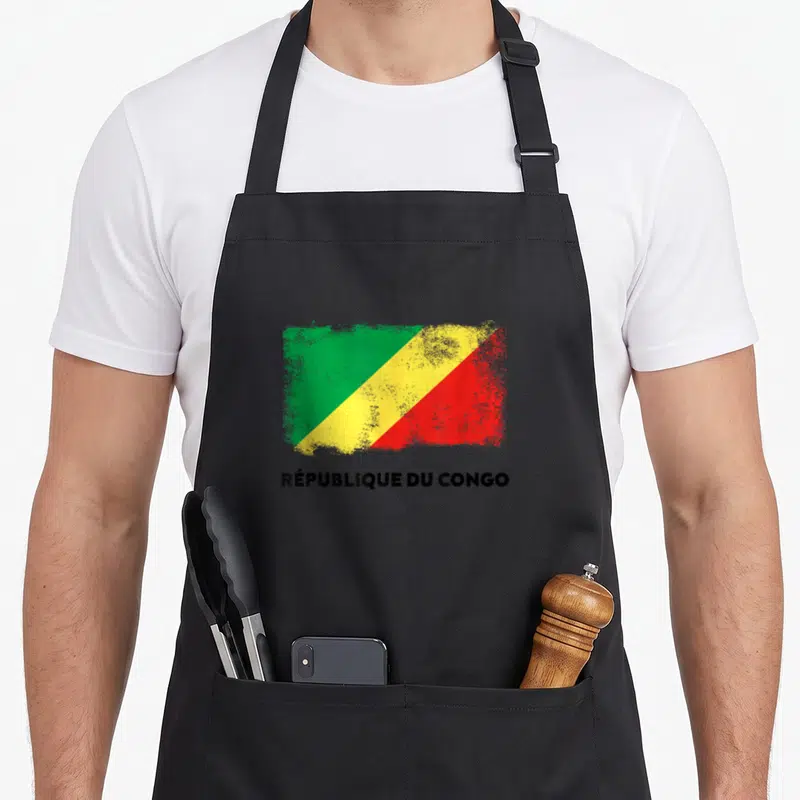 Tablier de cuisine noir avec drapeau République du Congo et texte imprimé en dessous.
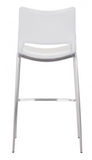 Acer Modern White Barstool or Counter Stool with Curved Brushed Stainless Steel Frame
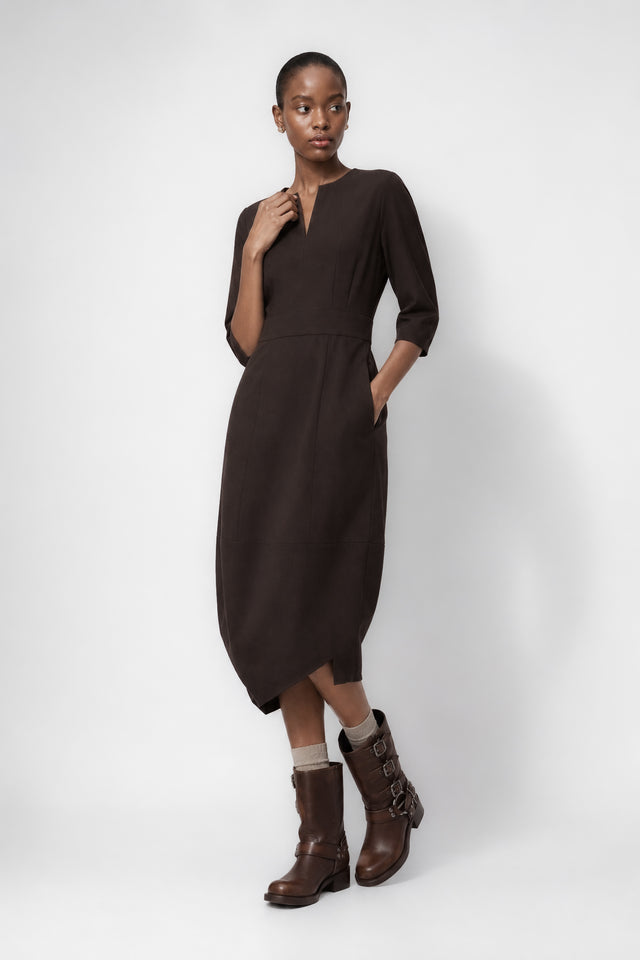 Sasha dress Sensitive tech fabric | Chocolate
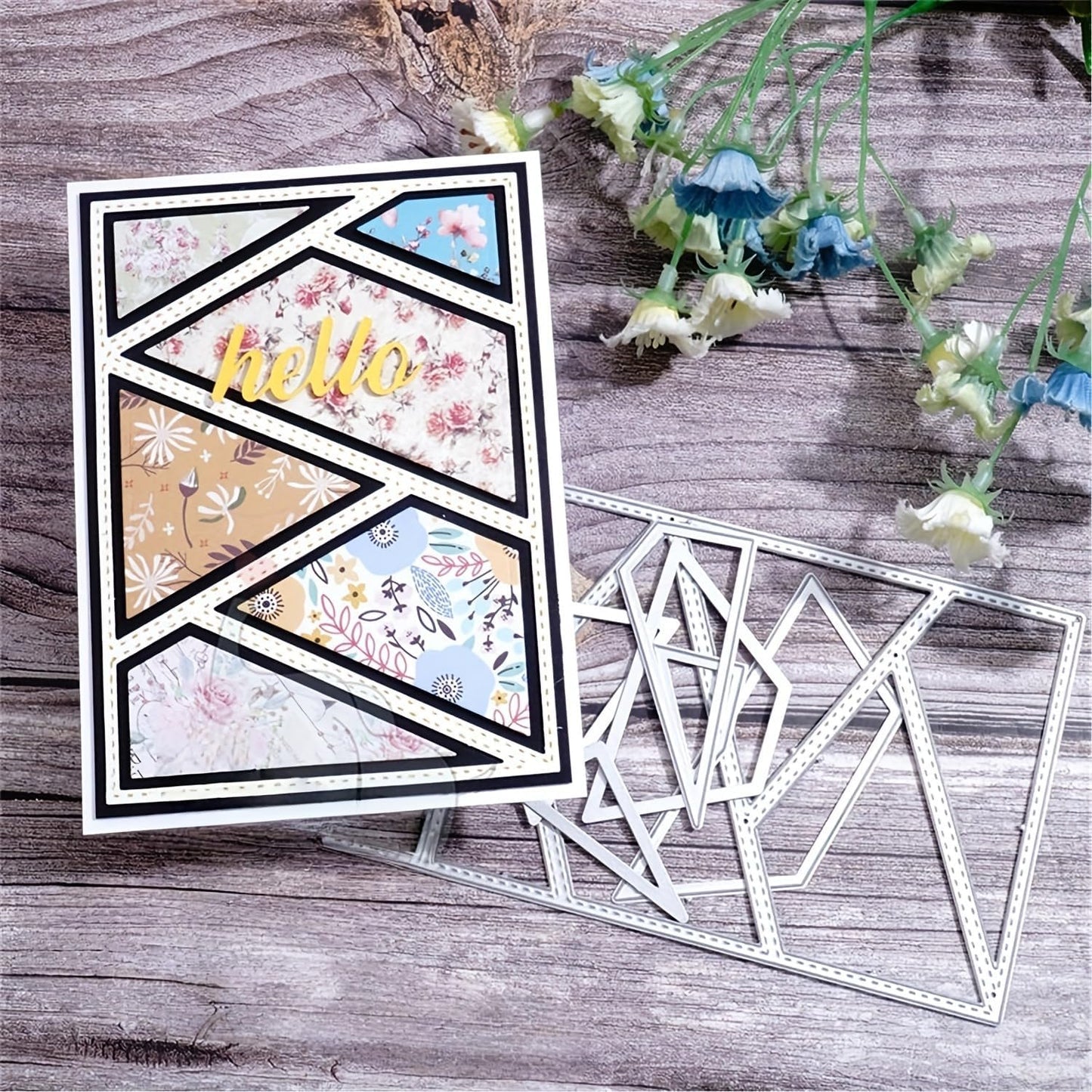 Metal Cutting Die for Scrapbooking - Cut Stencils for DIY Scrapbook Photo Album Decorative Paper Card, Card Making Supplies & Crafting Die Cut (Irregular Background Box 5.5 x 3.9 in)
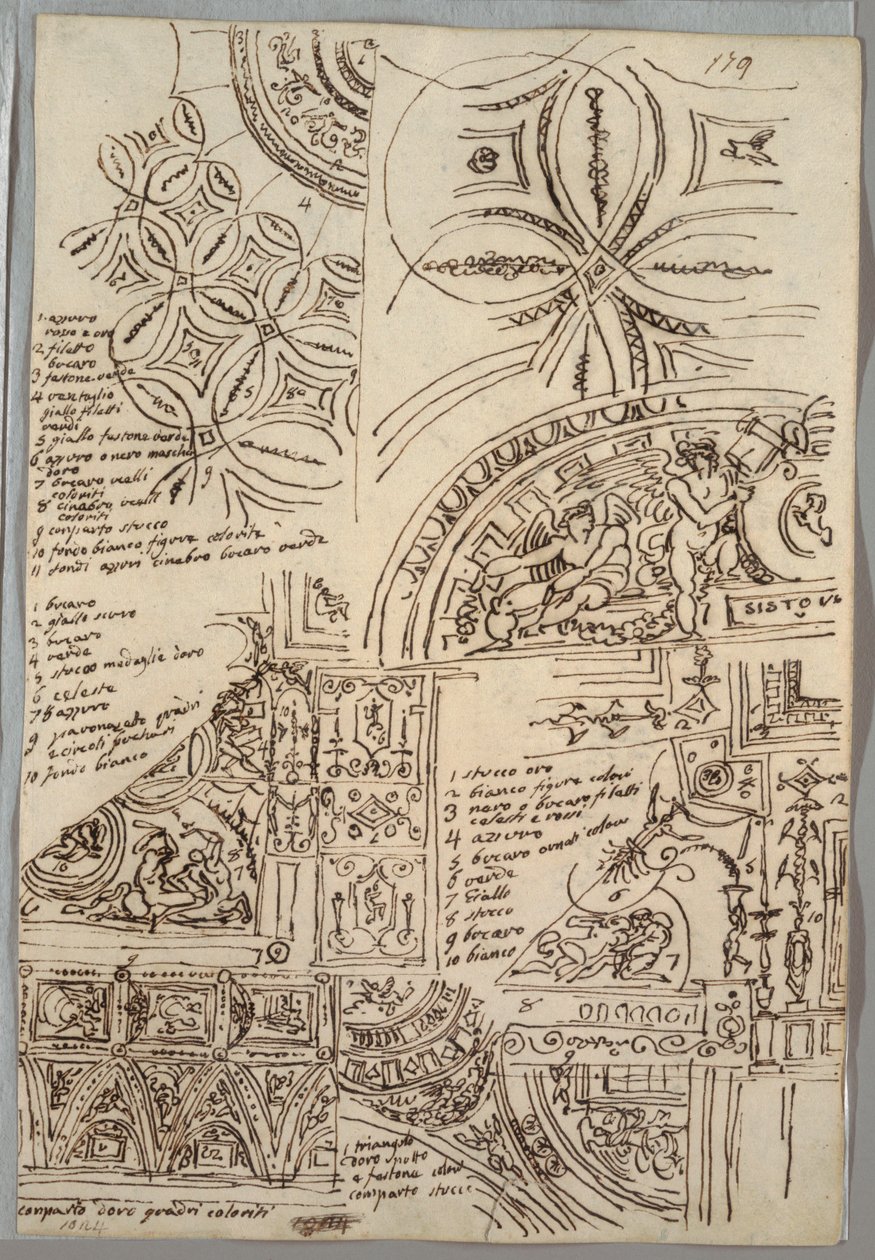 Estudos Decorativos de Tetos com Grotesco; Estudos de Monumento com Selo Papal, Sisto V de Felice Giani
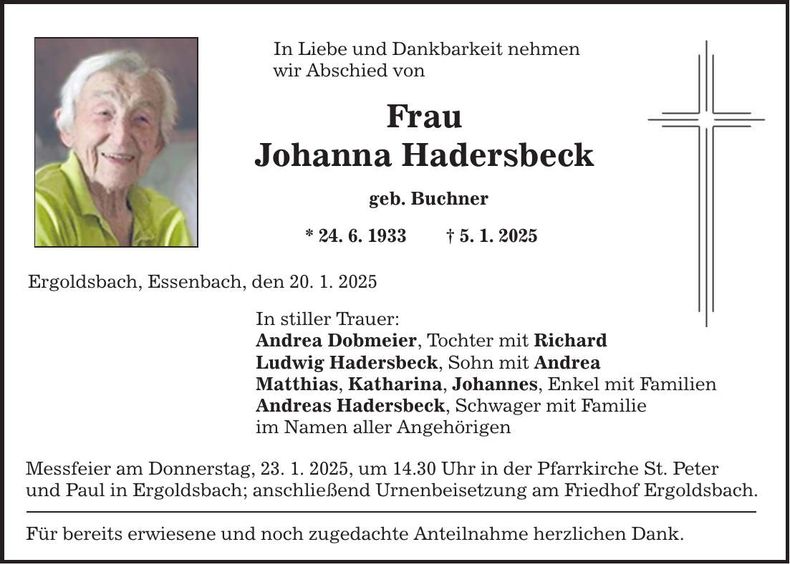 Traueranzeige Johanna Hadersbeck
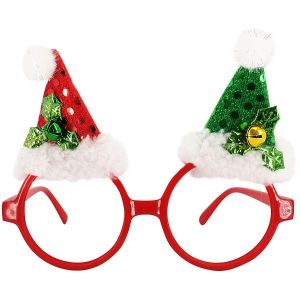 Red Circle With Santa Hats Christmas Glasses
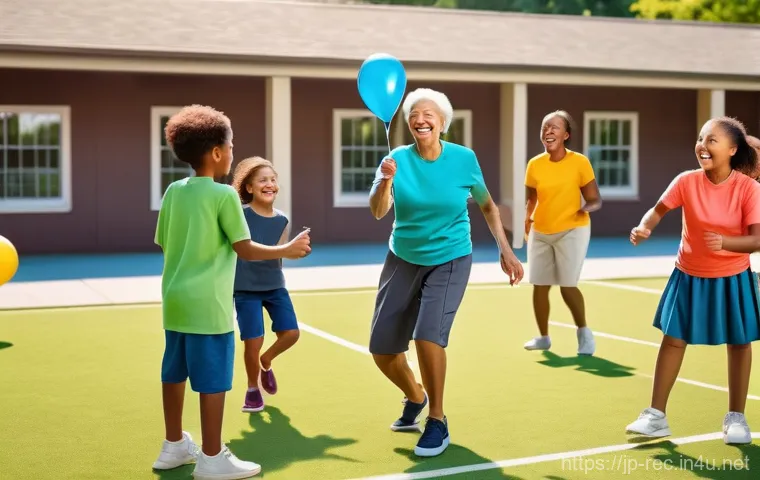 레크리에이션 지도자와 평생 교육 - A vibrant, joyful scene in a community center or park, featuring a diverse group of people from youn...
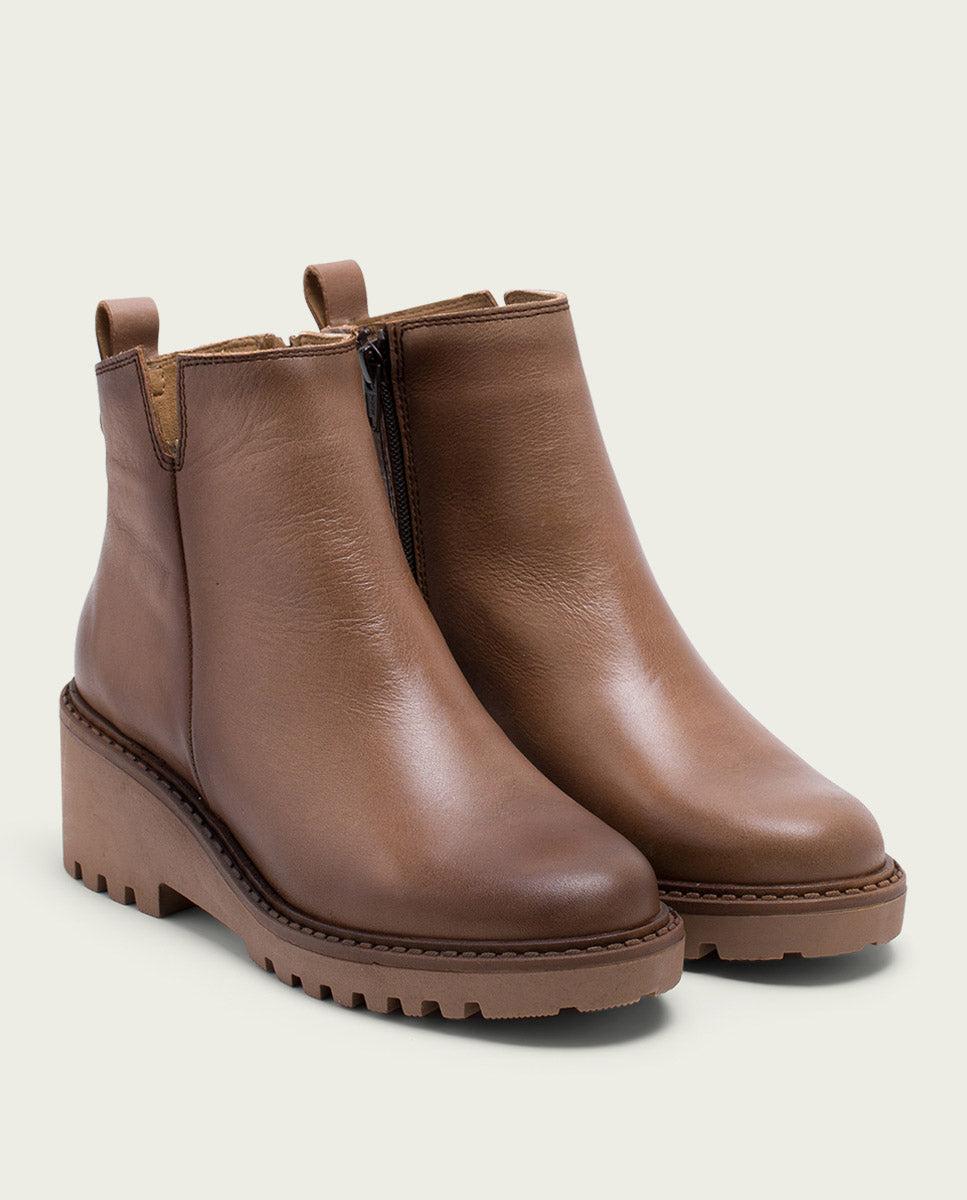 porronet BOTINES DE PIEL CON CUÑA Y CREMALLERA TAUPE LETHA Tienda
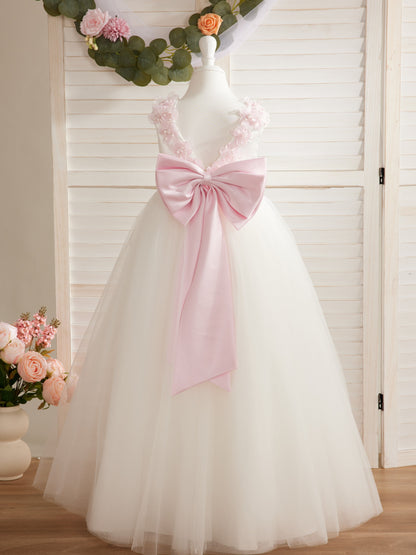 Vestido de fiesta/princesa con flores 3D de tul hasta el suelo color marfil para niña de las flores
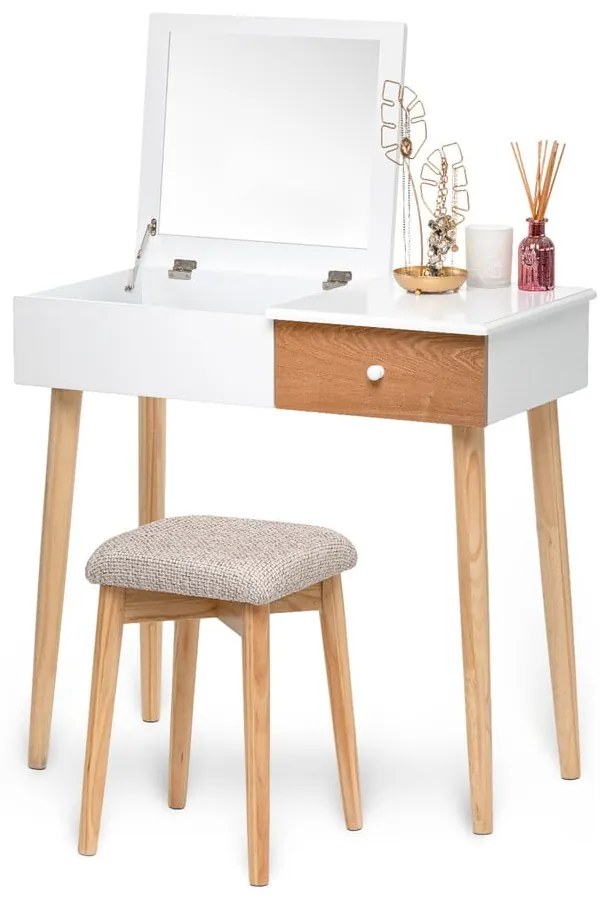 Biely toaletný stolík so zrkadlom, šperkovnicou a stoličkou Bonami Essentials Beauty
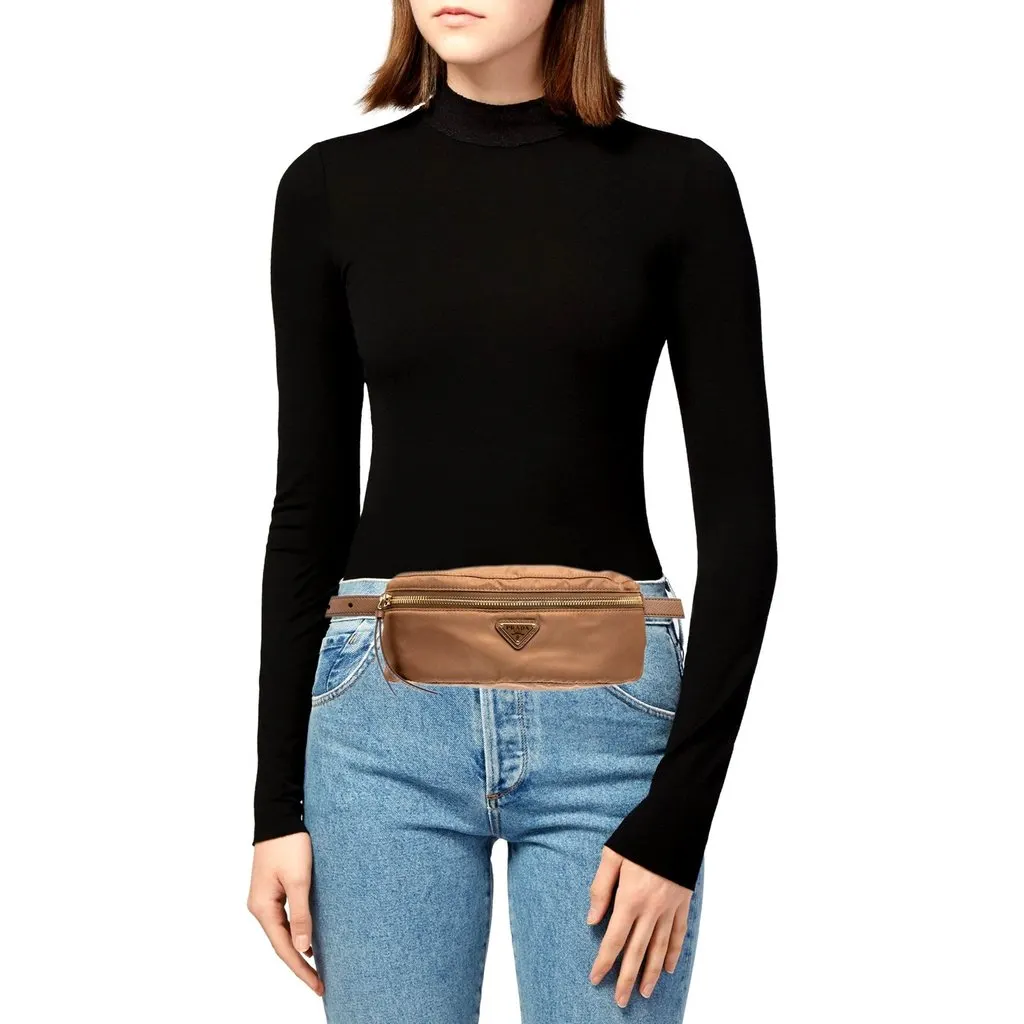 Prada Brown Re-Nylon Saffiano Leather Belt Bag Brown Never worn - Box View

────

• _Brief_: Text only, no pictures: copy every entry exactly.

• _Response_:
 Tablier de cuisine noir avec drapeau République du Congo et texte imprimé en dessous.
 Acer Modern White Barstool or Counter Stool with Curved Brushed Stainless Steel Frame
 Sasha dress Sensitive tech fabric | Chocolate
 Metal Cutting Die for Scrapbooking - Cut Stencils for DIY Scrapbook Photo Album Decorative Paper Card, Card Making Supplies & Crafting Die Cut (Irregular Background Box 5.5 x 3.9 in)
 Estudos Decorativos de Tetos com Grotesco; Estudos de Monumento com Selo Papal, Sisto V de Felice Giani
 Traueranzeige Johanna Hadersbeck
 Red Circle With Santa Hats Christmas Glasses
 레크리에이션 지도자와 평생 교육 - A vibrant, joyful scene in a community center or park, featuring a diverse group of people from youn...
 porronet BOTINES DE PIEL CON CUÑA Y CREMALLERA TAUPE LETHA Tienda
 Vestido de fiesta/princesa con flores 3D de tul hasta el suelo color marfil para niña de las flores
 Biely toaletný stolík so zrkadlom, šperkovnicou a stoličkou Bonami Essentials Beauty
 Prada Brown Re-Nylon Saffiano Leather Belt Bag Brown Never worn - Box View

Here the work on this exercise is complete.